─── Data extracts ───
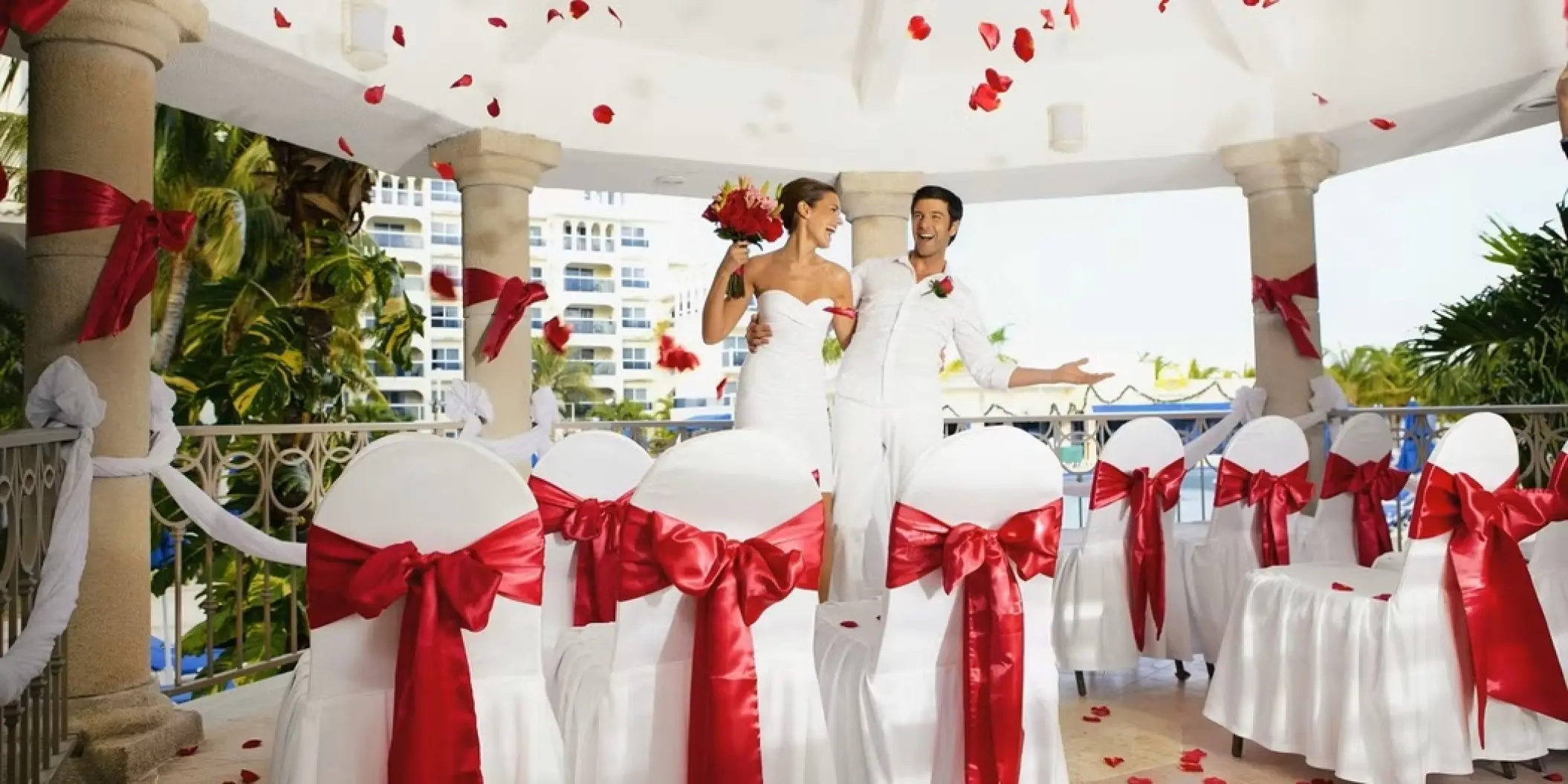Bride and groom under a gazebo with falling rose petals at Occidental Costa Cancun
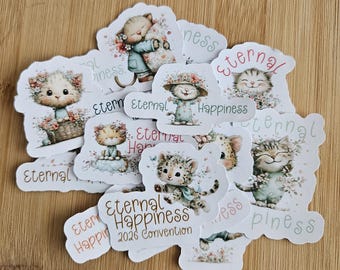 May include: A collection of die-cut stickers featuring adorable cartoon kittens. The stickers showcase kittens with floral accents, some with the words "Eternal Happiness" and "2026 Convention". The stickers are in various poses and designs.
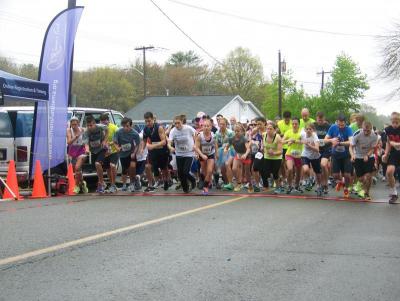 The race begins as runners sprint from the starting line at 98 County Road in Mattapoisett. BY MATTHEW BERNAT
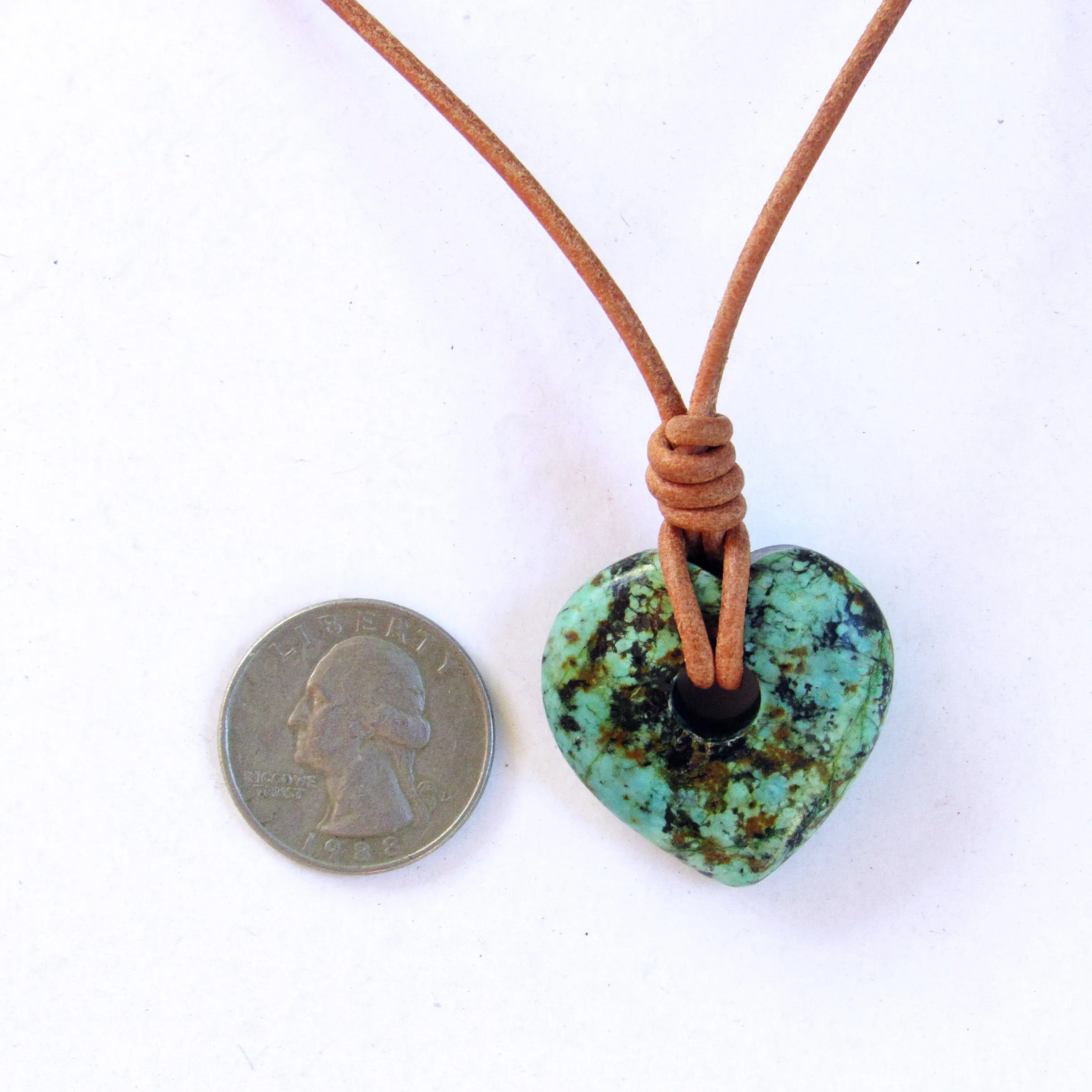 African Turquoise gemstone heart on natural leather with copper clasp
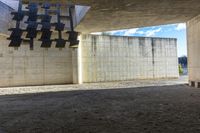 the building is made of concrete and has black and white crosses on the ceiling above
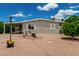 Charming home with a well-maintained yard, gravel landscaping, and a covered parking area at 8330 E Pueblo Ave, Mesa, AZ 85208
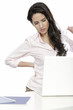 Photo: Woman with back pain at desk Woman with back pain at desk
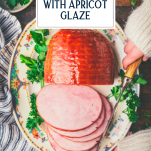 Overhead shot of hands slicing a baked ham with text title overlay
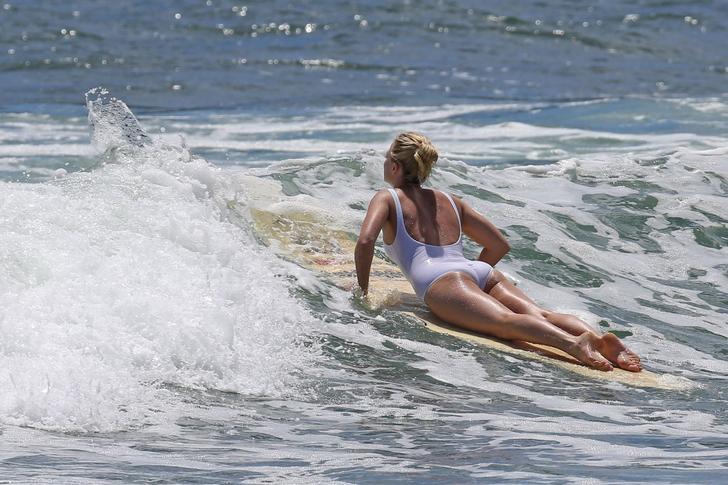 Margot Robbie butt showing while surfing
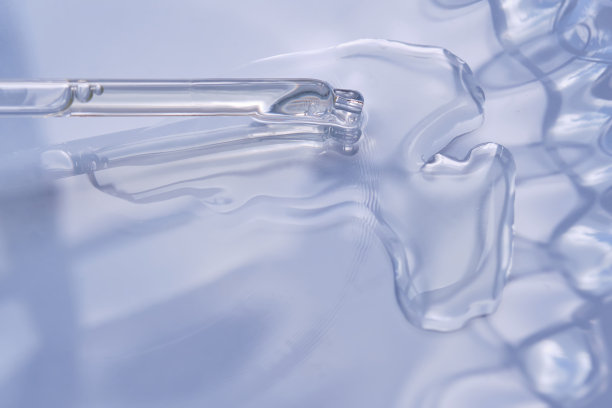 滴管与血清或化妆品油在蓝色的背景。图片下载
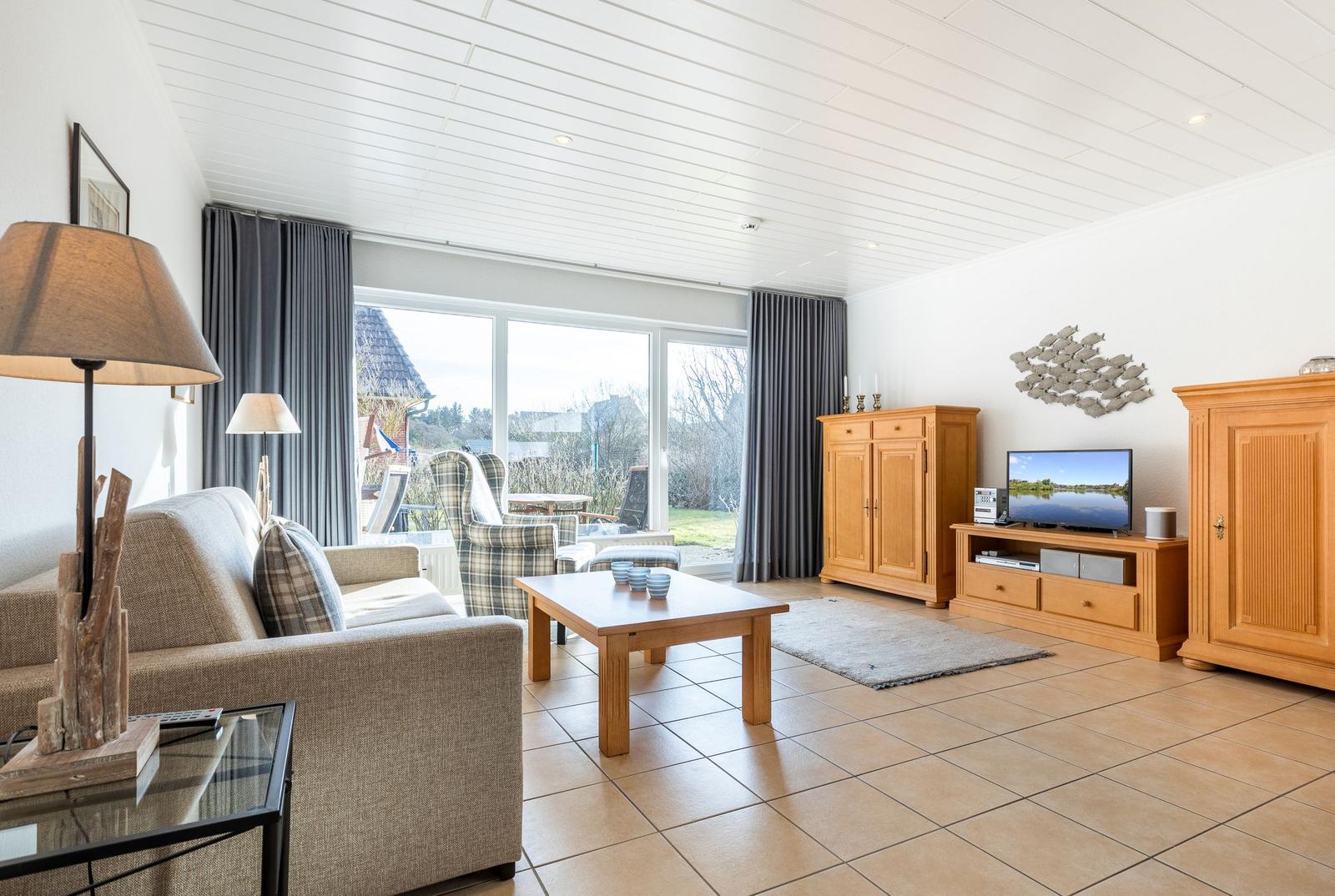Living room with sofa, coffee table, and TV. Large windows with garden view.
───
▸ **Prompt**: What should appear is an exact copy of the lines from the one containing "May include: A" through the last line of the records above, pictures excluded.

▸ **Exercise solution**:
 May include: A collection of die-cut stickers featuring adorable cartoon kittens. The stickers showcase kittens with floral accents, some with the words "Eternal Happiness" and "2026 Convention". The stickers are in various poses and designs.
 The race begins as runners sprint from the starting line at 98 County Road in Mattapoisett. BY MATTHEW BERNAT
 African Turquoise gemstone heart on natural leather with copper clasp
 the building is made of concrete and has black and white crosses on the ceiling above
 Charming home with a well-maintained yard, gravel landscaping, and a covered parking area at 8330 E Pueblo Ave, Mesa, AZ 85208
 Photo: Woman with back pain at desk Woman with back pain at desk
 Overhead shot of hands slicing a baked ham with text title overlay
 Margot Robbie butt showing while surfing
 滴管与血清或化妆品油在蓝色的背景。图片下载
Living room with sofa, coffee table, and TV. Large windows with garden view.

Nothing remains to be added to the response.